It Looks Like a Shell, but an Octopus and 40,000 Eggs Live Inside

It Looks Like a Shell, but an Octopus and 40,000 Eggs Live Inside

Argonauta Argo is not a typical octopus. When a female mates, first she keeps her partner’s detachable, sperm-filled limb inside of her. Then she begins making something like a handbag.

She uses the tips of two of her blue-sheened arms to secrete a mineral formula, crafting it into a paper-thin basket shaped like a shell. The construction can grow to nearly a foot in length, becoming the home of more than 40,000 embryos. The argonaut octopus crawls inside its shell-like purse, traps some air bubbles inside, then uses its buoyancy to bob just beneath the surface of water in warm oceans around the world.

This egg holder has such an uncanny resemblance to the hard shells of the Nautiloids, the octopus’s distant relatives, that scientists nicknamed the argonaut the “Paper Nautilus.” But now, genetic sequencing data reveals the octopus independently evolved the genes to make its intricate embryo armor, instead of repurposing DNA it inherited from its shelled-ancestors.

These findings upend some misconceptions among scientists about how cephalopods evolved, said Davin Setiamarga, a researcher at the National Institute of Technology, Wakayama College in Japan, who detailed the new data last month with colleagues in the journal Genome Biology and Evolution.

The last common ancestor of most cephalopods likely had a chambered, pearly shell, not unlike the iconic one worn by the nautilus, a shelled cephalopod that survives to this day. But over millions of years of evolution, soft-bodied cephalopods like octopuses, squids and cuttlefish evolved to internalize that outer shell and shrink it while adapting to their individual habitats. That’s why when you think of an octopus, you think squishy (although there are some exceptions, like the ram’s horn squid).

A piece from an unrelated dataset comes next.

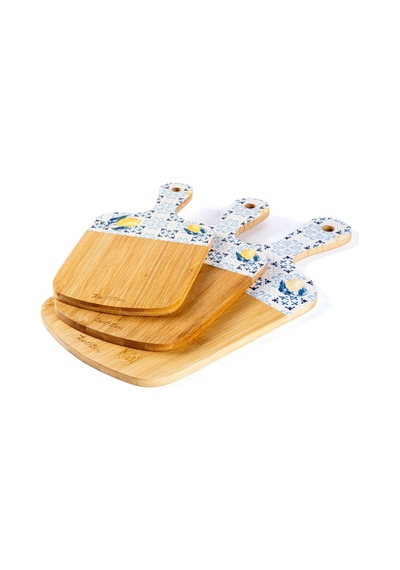 Tantitoni Bambu 3lü Desenli Kesme Tahtası Seti 39cm-33cm-28cm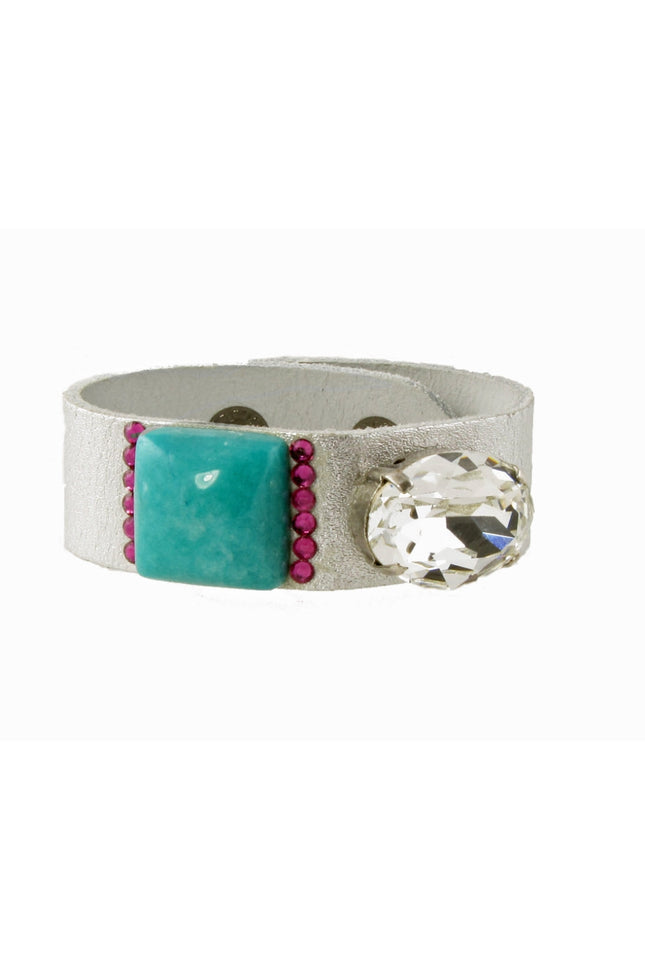 Maria Moyseos | MANIA Silver leather cuff bracelet with swarovski crystal and gemstone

Because the argonaut still carries around a nautilus-shell-like construction, it has fueled the scientific debate about whether, and how, an animal can lose such a structure during the course of evolution, then get it back. Other researchers initially speculated that argonauts reactivated archaic genes from the mollusk era to form their egg case. But after sequencing the genome of A. argo from samples collected in the Sea of Japan, the data suggested otherwise. Like their nautilus relatives, scientists found that argonauts have protein-coding genes needed to build what scientists call “true shells,” the kind you find around an oyster. But they use entirely different genes than the nautilus do to make these formations. It means the shell-like egg case didn’t evolve from the ancestral shell, but it is the argonauts’ own evolutionary innovation for a new purpose.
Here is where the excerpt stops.